Reviews

The Harvest (Soho Theatre)

Michael Boyd’s production transfers to London

Overhead, the apples are ripening, almost ready for harvest. So too are the four teenage fruitpickers below: two boys and two girls, flirting among the fruit trees. They race up ladders and stretch to reach low-hanging fruit, making eyes at each other every chance that they get. When they pass apples between one another, they do so with the slow significance of lovers swapping keepsakes.

Pavel Pryazhko’s comic short (in Sasha Dugdale’s translation) isn’t so much a coming-of-age story as a snapshot. It starts realistic, with the petty sexual politics of teenagers trying to prove themselves, and soon blossoms into metaphor.

Stern, self-appointed Valerii (Dyfan Dwyfor) is the ultimate mansplainer. Careful, he says: apples bruise easy and just one bad apple can rot through a crate. Doltish Egor (Dafydd Llyr Thomas) looks guilty. He may have been a touch rough. Cue a mad search for bruises and fruit flying everywhere.

The four are careful at first, keen to preserve the crop, but the frustrations of work soon break them down. Workers bruise too, and rot sets in fast.

A crate breaks. Its bottom falls out and the boys transform into natural born handymen. Out come the tools and a tussle for male supremacy begins, as they attempt – cluelessly – to hammer a nail through a board. (You’d think it was a MENSA entry test, the hash they make of it). The girls, Lindsey Campbell’s wide-eyed Lyuba and Beth Park’s knowing Ira, look on and laugh.

It’s a neat routine of one-upmanship and incompetence, laced with fnar-fnar innuendo about tools, hard wood and nailing things. Pryazhko skewers the bloated over-confidence of young men and ties sexual attraction to workplace prowess. Ripening into maturity means bearing fruit – literally and metaphorically.

At the same time, though, The Harvest diagnoses a work-shy generation. The boys walk around with matching bloody thumbs; the girls incur hayfever and bloody noses. The crates, meanwhile, disintegrate; rotten tools provided by a rotten boss. Little wonder they start looking for shortcuts until, eventually, they’re shaking trees violently in a bid to save time.

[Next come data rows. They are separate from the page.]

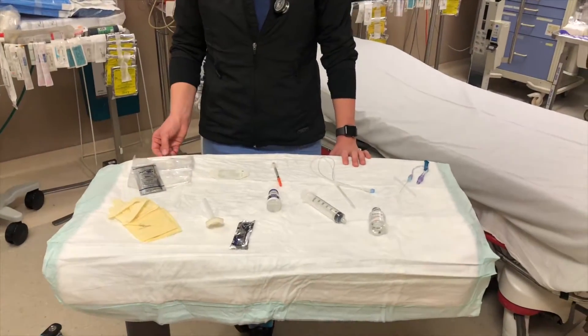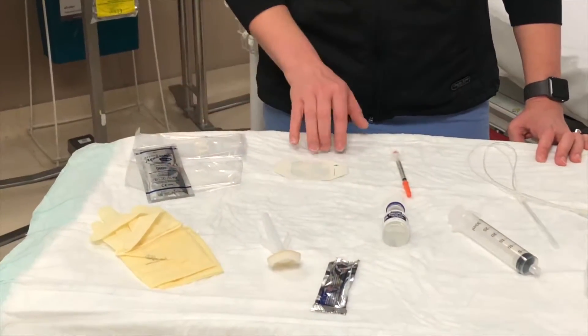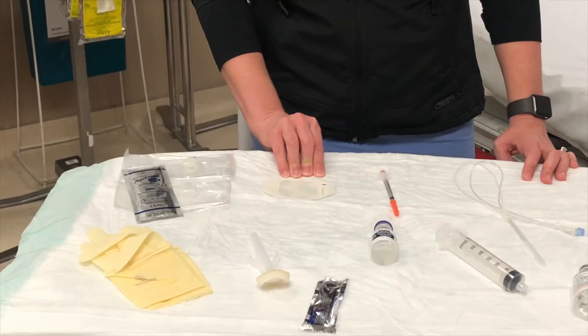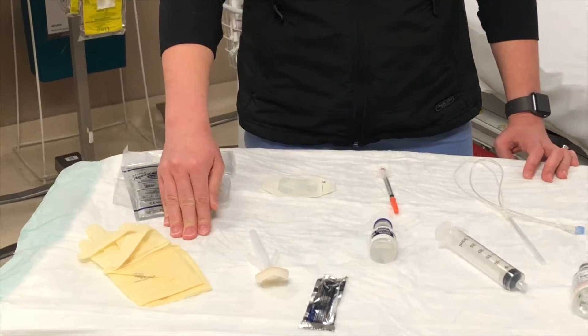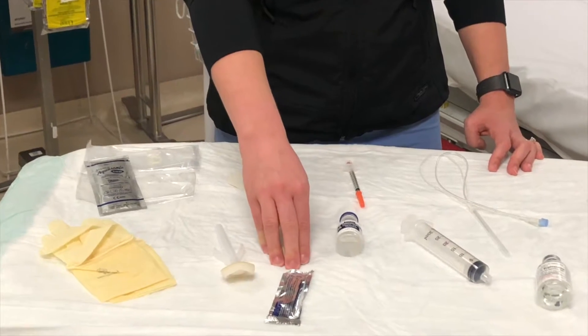First, we're going to gather our supplies. We do this procedure sterilely, so you'll need a sterile ultrasound probe cover. Alternatively, you can use a Tegaderm over the probe cover. Grab some sterile gloves, chlorhexidine or other cleaning solution for the patient's skin, and sterile gel.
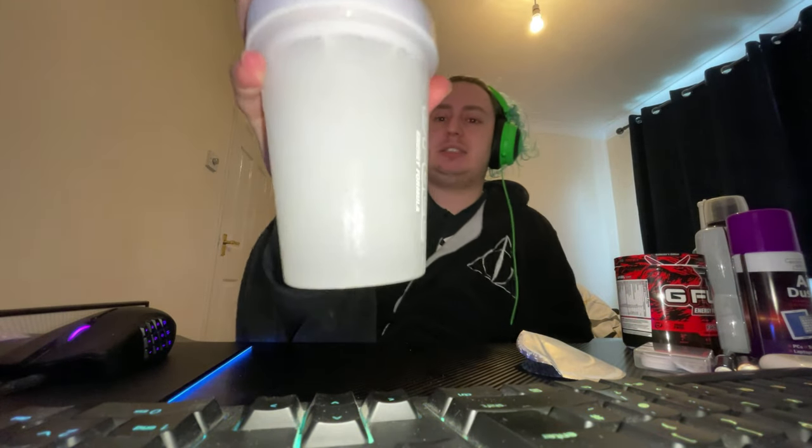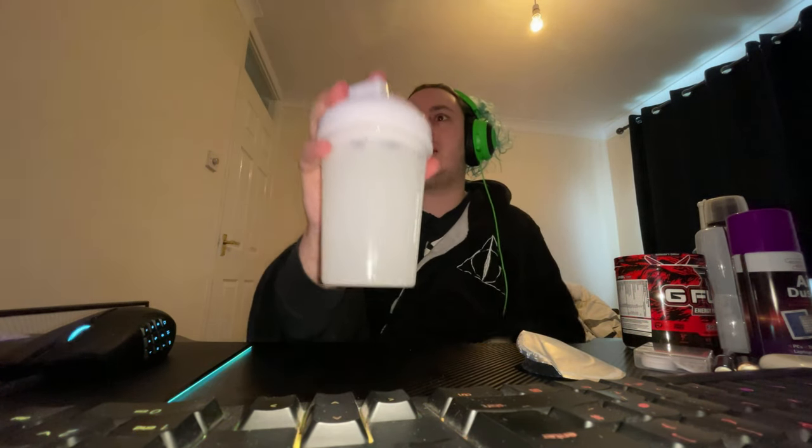Yeah guys, it's clear — looking at that it's just like... right, let's try this. Oh, it reminds me of lime. Lime and strawberry lime. That's not bad, I actually like that.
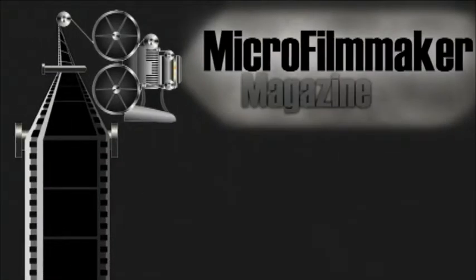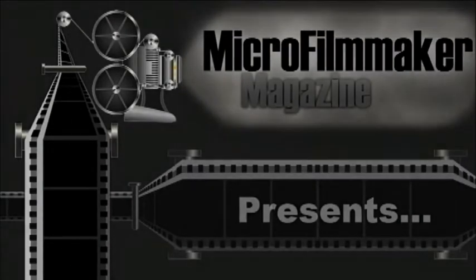This is Jeremy Henke with Microfilmmaker Magazine and Depleted, and this is our second tutorial video on using realistic gas blowback airsoft guns for filmmaking. Last video, we showed you how you could go through and get your guns to dry fire, which of course is necessary.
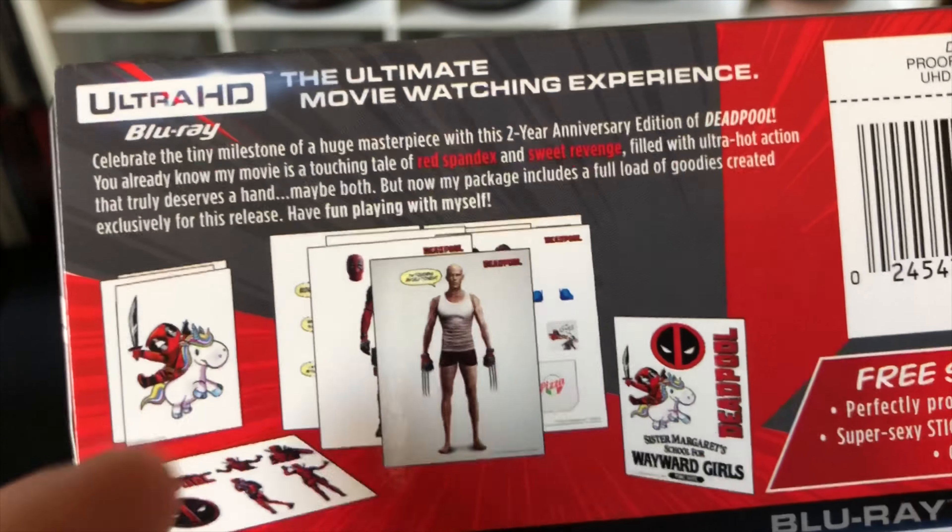Here is the front — it has a glossy finish, a bit of a fingerprint magnet, but I do like the artwork. He has the heart — it's Deadpool, it's perfect. It gets pretty easily dirty but that's okay. I do like the artwork. The spine is pretty clean — it's a 20th Century Fox release. We got the Deadpool logo there, and more logos in the back.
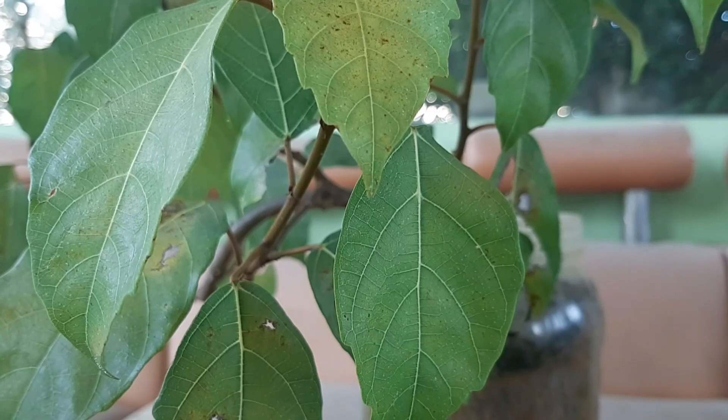Chào các bạn, trên màn hình quý vị và các bạn đang theo dõi là một cây sung tôi đã dâm cành. Sau khi dâm cành thành công thì khoảng hơn 2 tháng cây sung của tôi nó đã cho quả rồi. Hôm nay tôi sẽ uốn tạo dáng cho cây sung này và chia sẻ hình ảnh với quý vị và các bạn.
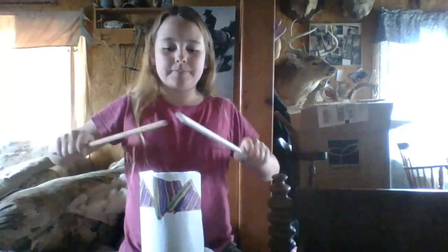What I picked for my homemade instrument is a tin can drum. What you need for a tin can drum is a tin can, two spoons, and your favorite design. To play the tin can drum, you flip the can over to the metal part on the bottom, then take your two spoons and tap your favorite rhythm on the drum. There you go — that's how you play a tin can drum.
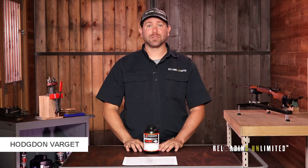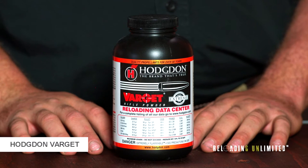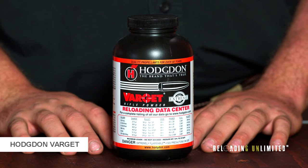Hodgdon Varget is a medium slow-burning reloading powder for medium to small size rifle cartridges. It works well in .223 through .30-06. It's also one of Hodgdon's extreme powders, which means it's very stable at varying temperatures.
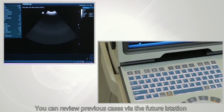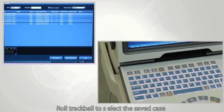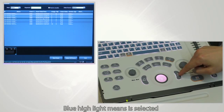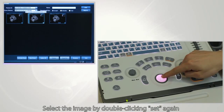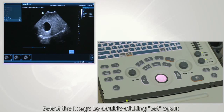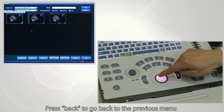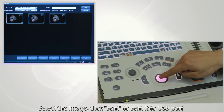You can review previous cases via the iStation feature. Roll the trackball to select the saved case — blue highlight means it is selected. Double-click Set to enter the case. Select the image by double-clicking Set again. Press Back to go to the previous menu. Select the image and click Send to send it to the USB port.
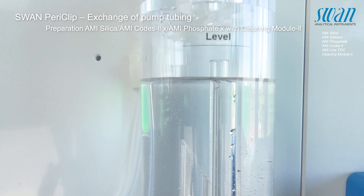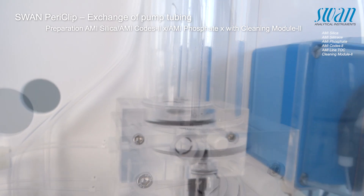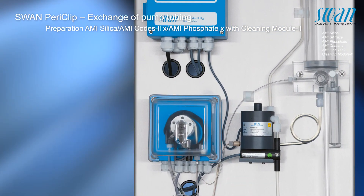Stop sample flow and wait until the flow cell is completely empty. Shut off the power for the instrument. The instrument is now ready to have the pump tubes exchanged.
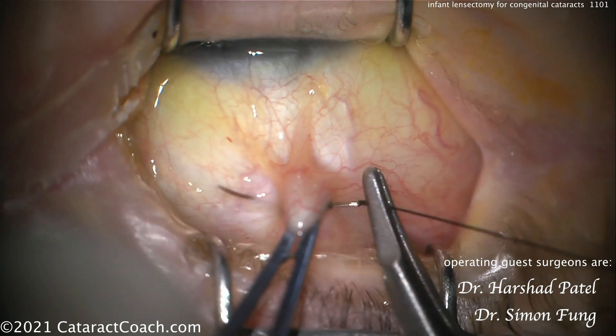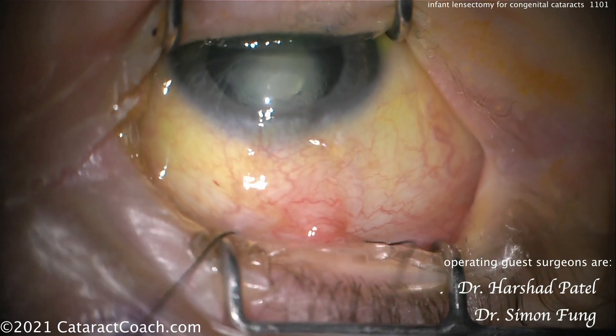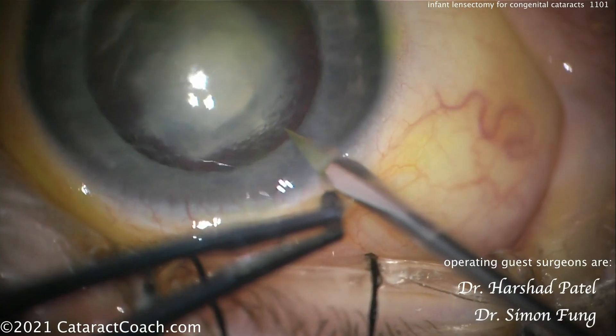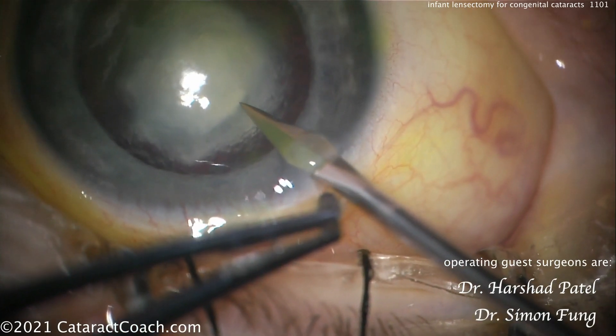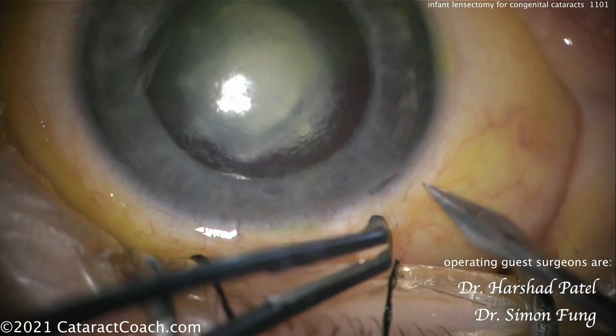You can see there's that central opacity — obviously a very significant cataract. This is something a little unusual: a superior rectus suture to help fixate the eye. The baby is under general anesthesia, but if you want to be extra sure, I suppose we can do this as well.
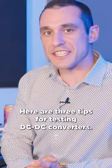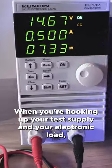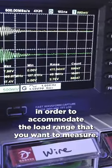Here are three tips for testing DC-DC converters. When you're hooking up your test supply and your electronic load, make sure that you have enough power output from your supply in order to accommodate the load range that you want to measure.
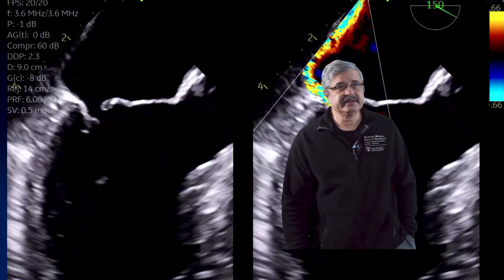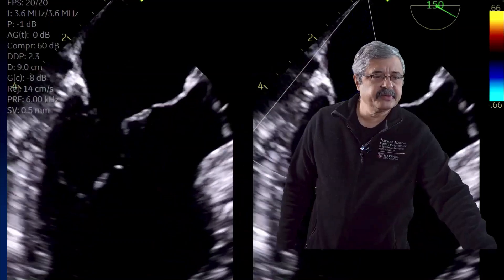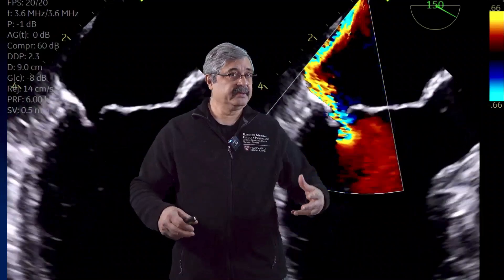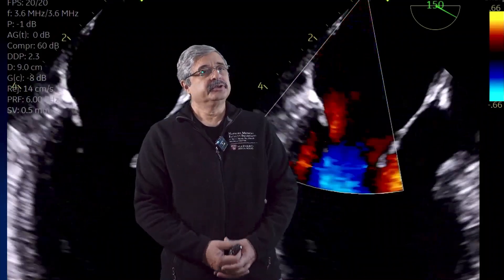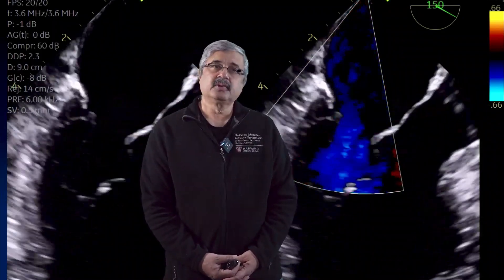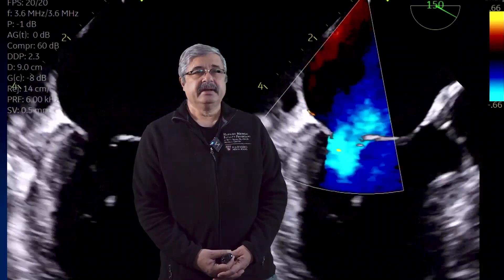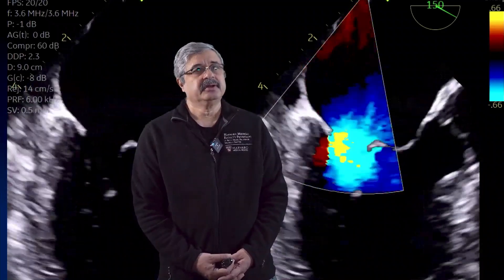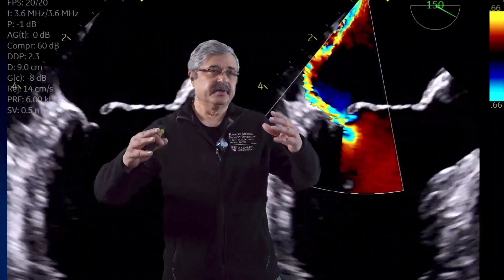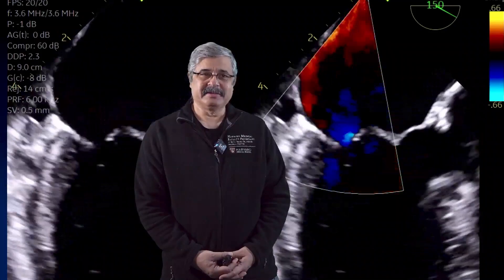In final summary, vena contracta should be measured in the mid-esophageal long axis view. Use the least amount of depth for the largest image. Adjust the color flow Doppler Nyquist limit, move the baseline towards the direction of flow, and use zoom mode. Demonstrate the narrowest portion of the jet along with flow convergence, contraction, and expansion to make a measurement that minimizes all the limitations discussed. I hope you learned something from this How I Do It series. Thank you.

First, the workers buckle, then the whole orchard; after the economy, the environment. It’s all a bit over-ripe.

Still, former RSC boss Michael Boyd’s production, in town after its Bath Ustinov run, is made by four winning performances. On Madeleine Girling’s deconstructed orchard, where apples hang on strings like a childish party game, the young actors make a careful calibrated quartet, as egos collide and attractions overlap.

The Harvest runs at Soho Theatre until 13 June.